Id. at 666. The court recognized that assisting illegal entry does not result automatically in a violation of Section 241(a) (13); more is required.
When we have it clear enough that the bringing in was not done for either love, charity or kindness, but for tangible substantial financial advantage, we hold the condition has been met.
More recently, in a case similar to the one before us, the Third Circuit considered the meaning of gain. In Ribeiro v. INS, 531 F.2d 179 (3d Cir. 1976), the defendant, a resident alien, arranged for the travel of an alien from Montreal to Albany, New York. The evidence indicated that the defendant was to receive a total of $150, approximately $100 of which was to cover expenses. In defining gain, the court applied a "common sense" interpretation of the term "as requiring the prospect of an excess of tangible return over expenditure in a particular transaction." Id. at 180. The court suggested that the government might prove that an alien acted for gain by demonstrating that
the consideration received was so clearly in excess of the foreseeable expenses that the alien's assertion that he did not anticipate gain must be disbelieved.
Id. at 181. The court vacated the order of deportation, holding that the government had failed to show by clear and convincing evidence that the alien expected to gain by his actions.
The applicable standard of proof to be applied has been established firmly and expressly by the Supreme Court. In a case such as is here presented, "no deportation order may be entered unless it is found by clear, unequivocal, and convincing evidence that the facts alleged as grounds for deportation are true." Woodby v. Immigration Service, 385 U.S. 276, 286, 87 S. Ct. 483, 488, 17 L. Ed. 2d 362 (1966). It is apparent from the record that the government has not met this burden. There is no admissible evidence of the $300 promise. While uncontradicted hearsay may be considered in a deportation hearing, it is only admissible "if it is probative and its use is not 'fundamentally unfair so as to deprive petitioner of due process.' " Tashnizi v. INS, 585 F.2d 781, 782 (5th Cir. 1978) (quoting Marlowe v. INS, 457 F.2d 1314, 1315 (9th Cir. 1972)). Soto denied the statement attributable to Rosas and his counsel asked for an opportunity to take the deposition of Rosas. This request was objected to by the government and was denied by the immigration judge, who ruled that any problem with the affidavit was overcome by Soto's plea of guilty to the charge of violating 8 U.S.C. § 1325. That plea, according to the immigration judge, constituted a "waiver of any irregularities in the statement." The immigration judge erred. We need go no further than to note that payment or promise of payment is not an element of the offense defined by 8 U.S.C. § 1325. The only credible evidence of money paid or promised is the $36 Soto admitted he received at the outset of the trip.

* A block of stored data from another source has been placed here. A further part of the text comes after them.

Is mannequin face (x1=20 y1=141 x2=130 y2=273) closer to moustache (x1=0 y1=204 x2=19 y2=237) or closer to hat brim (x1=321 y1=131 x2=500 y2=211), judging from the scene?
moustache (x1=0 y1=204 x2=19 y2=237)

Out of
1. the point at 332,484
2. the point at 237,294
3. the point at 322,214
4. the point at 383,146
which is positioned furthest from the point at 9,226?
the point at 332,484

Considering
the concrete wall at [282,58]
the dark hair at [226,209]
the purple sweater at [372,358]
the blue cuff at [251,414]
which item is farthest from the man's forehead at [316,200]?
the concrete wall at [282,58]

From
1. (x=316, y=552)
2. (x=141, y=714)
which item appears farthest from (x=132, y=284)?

We agree with the Ninth Circuit that if the assistance is based on "love, charity or kindness" and not "for tangible substantial financial advantage," the gain requirement is not established. Gallegos v. Hoy, 262 F.2d at 666. See also Matter of G___ M___, 5 I & N Dec. 93 (BIA 953). We also agree with the Third Circuit that if payment includes expenses, the payment received must be "clearly in excess of the foreseeable expenses." Ribeiro v. INS, 531 F.2d at 181. Here the sum received is clearly far less than the transportation expenses. A payment of $36 for the gas and oil to be consumed on a trip of 1,134 miles comes to .00002799 dollars per mile. No more need be said. Soto did not realize a gain and none was anticipated.
Petition for review is GRANTED, the decision of the BIA is REVERSED and the order of deportation is VACATED.